- Battle of Lake Huleh: Part of the Crusades
| Date | June 1157 |
| Location | Hula Valley, modern-day Israel33°6′12″N 35°36′33″E﻿ / ﻿33.10333°N 35.60917°E |
| Result | Zengid victory |

Belligerents
- Kingdom of Jerusalem Knights Templar: Zengids

Commanders and leaders
- Baldwin III of Jerusalem Hugh of Ibelin (POW) Bertrand de Blanchefort (POW) Odo of St Amand (POW): Nur ad-Din Zangi

Strength
- Unknown: Unknown

Casualties and losses
- Unknown but serious: Unknown

= Battle of Lake Huleh (1157) =

Battle fought between Zengids and Kingdom of Jerusalem

In the Battle of Lake Huleh in June 1157, a Crusader army led by King Baldwin III of Jerusalem was ambushed and badly defeated by Nur ad-Din Zangi, the emir of Aleppo and Damascus. While the king and some fighting men escaped to a nearby castle, a large number were killed or made prisoner. The Latin Kingdom of Jerusalem escaped worse damage when their adversary became ill and was unable to follow up his victory. The Hula Valley is located in the northeast part of modern-day Israel. At the time of the battle, the area belonged to the Kingdom of Jerusalem.

==Background==
In 1154, Nur ad-Din Zangi achieved his goal of seizing Damascus and welding Syria into a Zengid empire. Instead of confronting a group of Muslim emirates and being able to play them off against one another, the Crusader states (Kingdom of Jerusalem, County of Tripoli and Principality of Antioch) faced a unified threat to their existence.

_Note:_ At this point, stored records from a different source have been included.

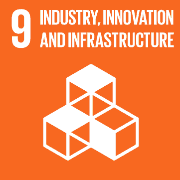 9 - Industry, Innovation and Infrastructure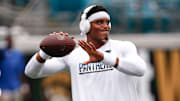 Newton se perfila para ser el mariscal de campo titular de los Patriots para la nueva temporada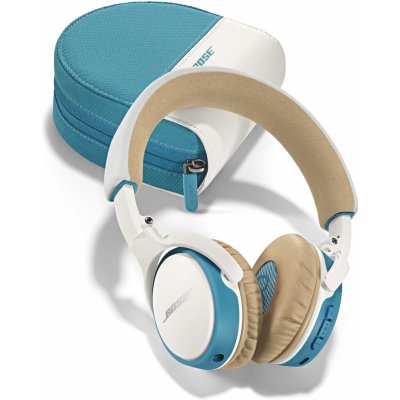 Bose SoundLink On-Ear Bluetooth – Zboží Živě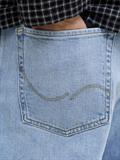 JJITONY JJORIGINAL SHORTS AM 460 SN blue denim1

Each year, the Damascenes pastured large flocks in the area of Banias on the Franks' territory, whose permission they had secured. In February 1157, Baldwin unwisely attacked them, seizing the animals to pay his kingdom's debts. This act of aggression violated a truce. Infuriated, Nur ad-Din immediately began launching raids on the Franks in the vicinity.

==Battle==
Nur ad-Din laid siege to the fortified town of Banias at the foot of Mount Hermon. In June, King Baldwin III of Jerusalem assembled a Frankish army and marched to the relief of Banias and its Knights Hospitaller defenders. While Baldwin and his knights camped near Lake Huleh in the upper Jordan River valley, they were surprised and defeated by forces under Nur ad-Din. The chronicler William of Tyre noted that "no watch was kept in the Latin camp." Historian R. C. Smail writes that the setback was caused by Baldwin's "carelessness and lack of normal precaution when in the neighborhood of the enemy." Baldwin and his surviving soldiers took refuge in the nearby castle at Safad. Losses were considerable. King Baldwin barely escaped capture while Hugh of Ibelin, Bertrand of Blancfort and Odo of St Amand were captured by Nur ad-Din. Nur ad-Din paraded the heads of the Franks and his captives roped together in the streets of Damascus. Ibn al-Qalanisi wrote of many Crusader prisoners and severed heads being presented in a victorious celebration in Damascus.

Beyond the heavy casualties suffered in the combat, few consequences attended the Christian defeat. Banias remained a Latin territory until 1164. Nur ad-Din fell ill soon after his victory, and in his absence, Baldwin mounted a campaign in northern Syria. The Franks failed in a siege of Shaizar but recovered the castle of Harim for the Principality of Antioch in the winter of 1157. This set the stage for Nur ad-Din's crushing victory over the Crusaders at the Battle of Harim in 1164. But the next conflict would be the Battle of Butaiha in 1158.